Al acercarse, vio que su pelo rubio estaba lleno de canas y que las arrugas eran más pronunciadas en torno a sus ojos pardos. Pero seguía irradiando la misma aura de elegancia y regia autoridad que había sobrecogido a generaciones de estudiantes.


-Tengo entendido, señorita Chaves -dijo con aquel acento sureño que bastaba para enderezar a cualquiera-, que has venido a Point por asuntos de trabajo.


-Sí, señora. Por asuntos de trabajo. Nada personal -admitió Paula, avergonzada. La señora Alfonso la había reprendido varias veces en clase, pero siempre había creído en ella. 


Había reconocido el mérito de su trabajo y la había animado a apuntar alto. Y cuando su madre murió, la señora Alfonso había ido a visitarla a su casa para abrazarla. Sólo para abrazarla.


-Es evidente, puesto que no has querido agraciarnos con tu presencia.


-¿Cómo dice? -preguntó Paula, confundida.


-Llevas aquí dos días, jovencita -la reprendió-. ¿Nos has llamado a alguno de nosotros? ¿Mmm?


Una mano se agitó enérgicamente en el aire, junto a Paula.


-Me llamó a mí, señora Alfonso -exclamó Frankie como una alumna alborotadora-. Pero no oí mis mensajes hasta esta mañana -se volvió hacia Paula y sonrió-. Lo siento, Pau.


-A mí no me ha llamado -se quejó Jimbo con su fuerte voz masculina.


-A mí tampoco -añadió Robbie, frunciendo cómicamente la boca bajo el bigote.


Paula miró atónita los rostros familiares, y la señora Alfonso le rodeó la cintura con un brazo.


-Supongo que la pregunta es... ¿se debe olvidar a los viejos conocidos?
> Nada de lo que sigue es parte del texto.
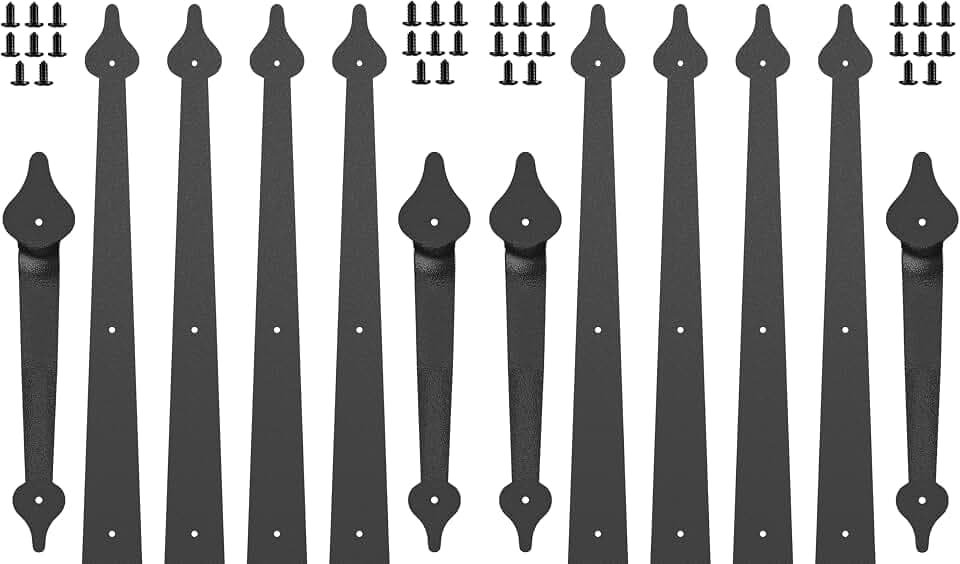 Decorative Garage Door Hardware Kit Carriage House Accents 8 Hinges and 4 Handles for 2 Car Garage, Screw Mounted, Black Steel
-¡Adelante, Freddie! -gritó Jimbo.


Un saxofón empezó a tocar el tema Auld Lang Syne, acompañado por un coro de voces entusiastas aunque desentonadas. El grupo se abrazó por los hombros y empezaron a mecerse alrededor de la mesa. Entonces Paula vio la tarta de chocolate frente a ella con un mensaje escrito con glaseado amarillo: Bienvenida a casa, Paula.


Se le hizo un nudo en la garganta y los ojos se le humedecieron. ¡No podía llorar! No delante de sus viejos amigos. Para ellos aún seguía siendo una marimacho. Apartó la mirada de la tarta, los cantantes y las sonrisas, luchando por recuperar la compostura. Y entonces vio a Pedro.
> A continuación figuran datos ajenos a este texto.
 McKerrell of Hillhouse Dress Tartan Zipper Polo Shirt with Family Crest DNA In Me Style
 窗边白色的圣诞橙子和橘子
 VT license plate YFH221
Estaba apoyado en una palmera, observándola con la indiferencia propia de un amable desconocido. ¿Qué pensaría de la extravagante bienvenida que su madre y sus amigos le habían ofrecido?
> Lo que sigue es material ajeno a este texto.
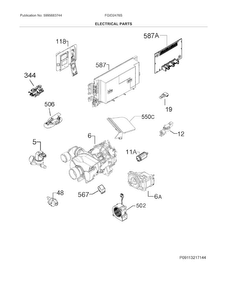 Electrical Parts Diagram and Parts List for FGID2476SB0A  Frigidaire Dishwasher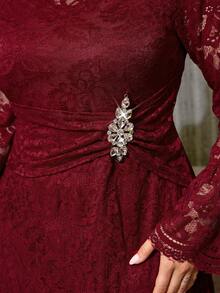 Reflora Plus Size Women's Lace Patchwork Rhinestone Decor Elegant Waist-Cinching Party Dress Fall - Burgundy - View 7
Paula agradeció que se mantuviera discretamente al margen, pero al mismo tiempo buscó en su rostro algún atisbo de acercamiento. Una sonrisa, un ligero asentimiento...


La canción acabó y la señora Alfonso le dio un fuerte abrazo.


-Haz tu trabajo, pero no te comportes como una extraña, ¿entendido?


-Señora Alfonso -susurró Paula-, usted sabe cuál es mi trabajo, ¿verdad?


-Naturalmente. Pero confío en él y en ti también. Sé que harás lo correcto. Y ahora ve a divertirte con tus amigos.